** Directions for this task **
Below are records that hold pictures; write out only the lines from their start through the line with "18K PENDIENTES ORO", exactly, and drop the pictures.

** Records for this task **
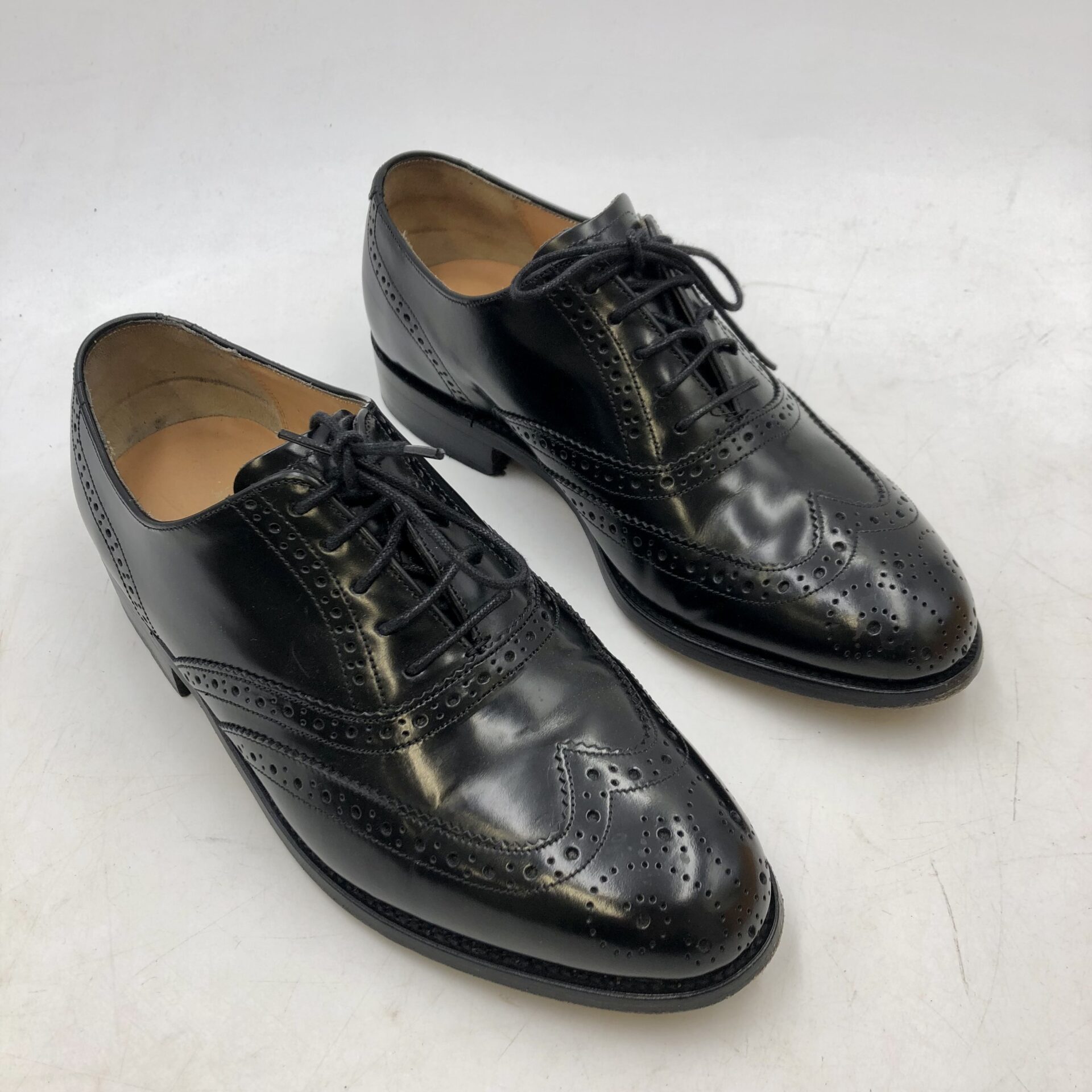 Barker Albert Black Hi-Shine Leather Brogue Shoes with box and ...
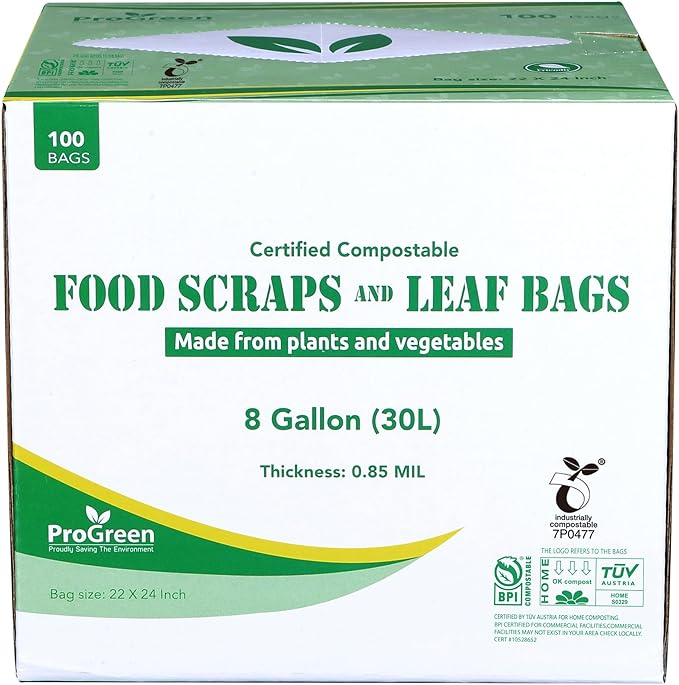 Compostable Trash Bags, Extra Thick, Compost Kitchen Bin Bags, Food Scraps Yard Waste Bags, ASTM D6400 BPI and TÜV AUSTRIA Certified (8 Gallon, Pack of 100)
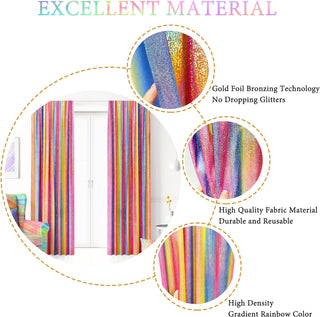 Iridescent Glitter Curtain Backdrop for Rainbow Theme Party(2Pcs) 7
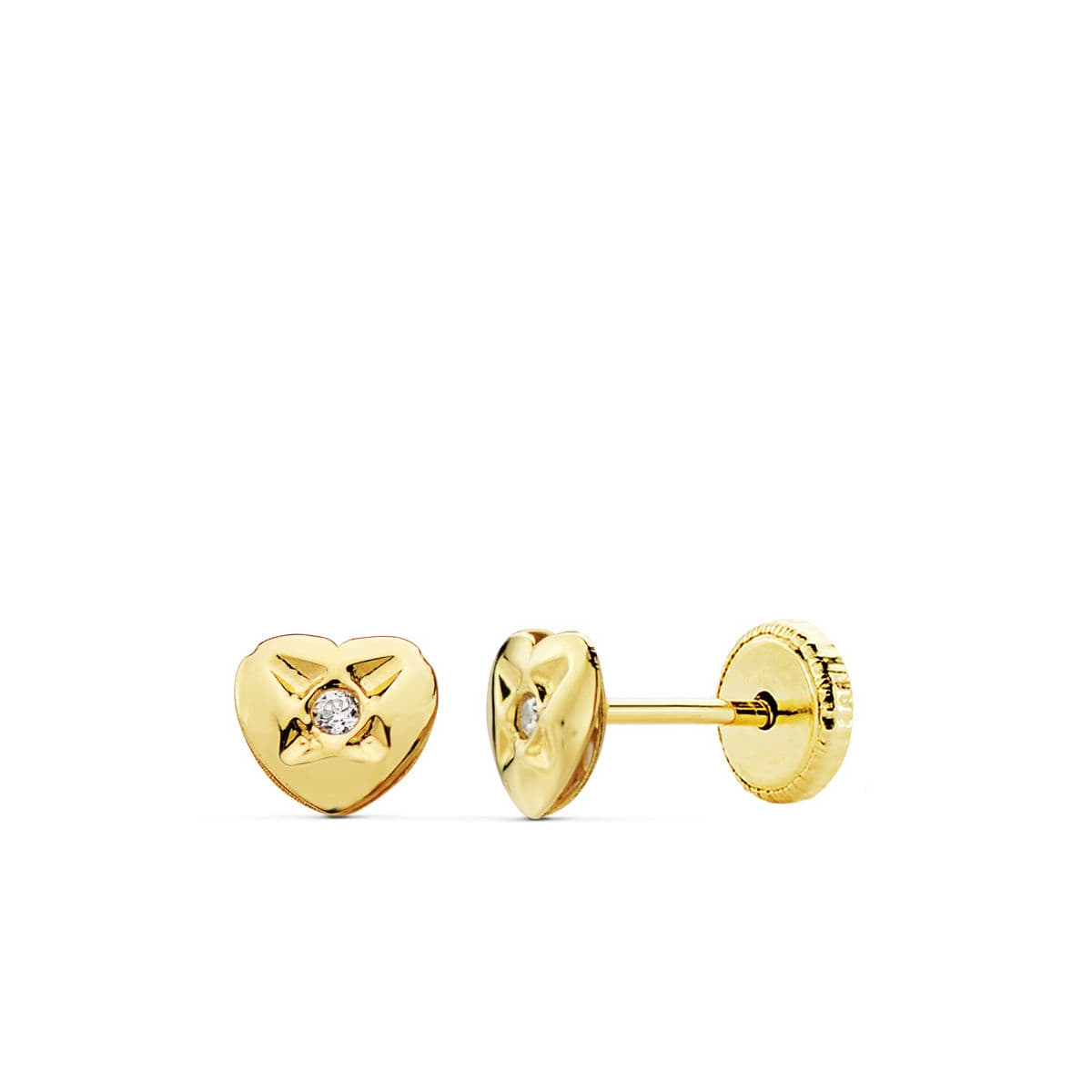18K PENDIENTES ORO AMARILLO CORAZON 5X4.5 MM CIERRE TUERCA 0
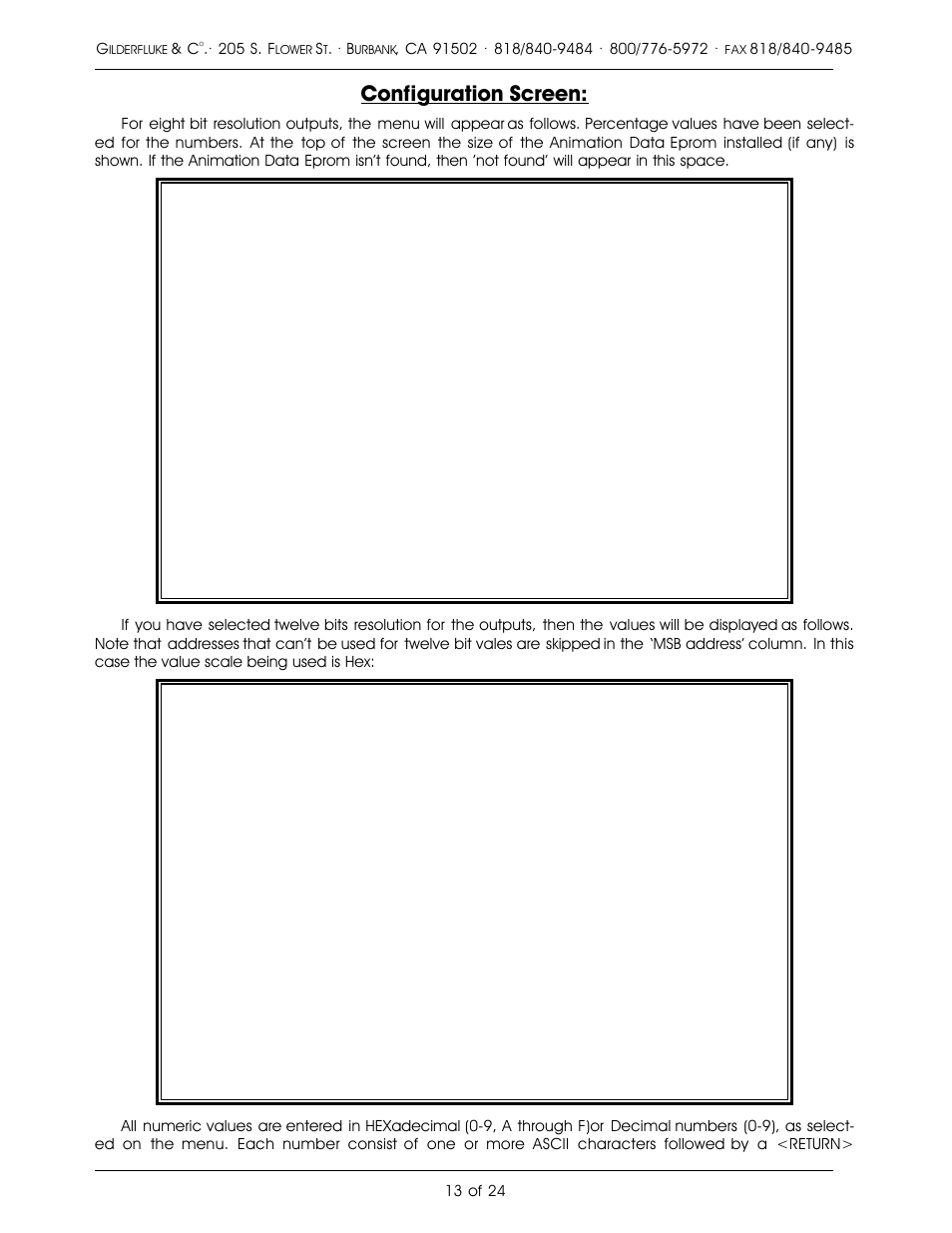 Configuration screen | Gilderfluke&Co Analog Output Smart Brick (ver 2.nn w/Eprom memory) User Manual | Page 17 / 28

** The completed task **
 Barker Albert Black Hi-Shine Leather Brogue Shoes with box and ...
 Compostable Trash Bags, Extra Thick, Compost Kitchen Bin Bags, Food Scraps Yard Waste Bags, ASTM D6400 BPI and TÜV AUSTRIA Certified (8 Gallon, Pack of 100)
 Iridescent Glitter Curtain Backdrop for Rainbow Theme Party(2Pcs) 7
18K PENDIENTES ORO AMARILLO CORAZON 5X4.5 MM CIERRE TUERCA 0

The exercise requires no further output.